Henryk Pająk (born 1937) is a Polish writer, journalist and publisher.

Biography
Coming from a peasant family living in the back country, Pająk nevertheless went on to study philology at the Maria Curie-Skłodowska University in the city. He then became teacher of Polish language in a gymnasium and contributed to a farm newspaper in Lublin (Sztandar Ludu). In 1965, he founded a poets association in 1965 called "Prom". In 1969, he compiled Henryk Cybulski's memoirs, Czerwone noce (Red nights) about Przebraże Defence, the self-defence of Poles against the Ukrainian UPA. Pająk wrote then a novel based on this subject matter, Los (Fate) in 1969. 

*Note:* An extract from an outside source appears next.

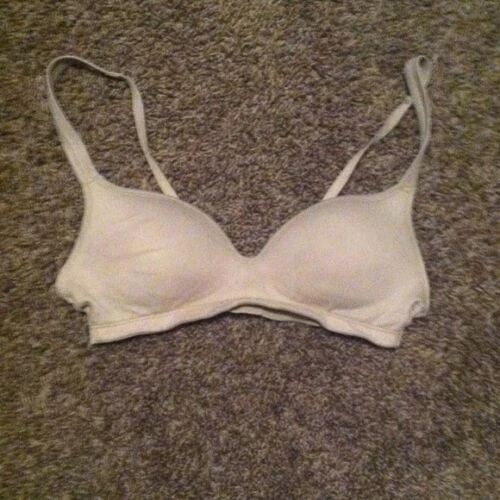 Barely There 32B Bras & Bra Sets for Women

A prolific writer, Henryk Pająk wrote many novels and poems which made him notable locally such as Druga śmierć (Second death) in 1971, Tam, za snem (There, for sleep) in 1991 (received 2 literary awards) or Wolny (Free) in 1992. He also headed the Lublin's section of the Polish union of writers (Związek Literatów Polskich). Under the communist regime, he was a member of the PZPR but left it during the Martial law in 1981.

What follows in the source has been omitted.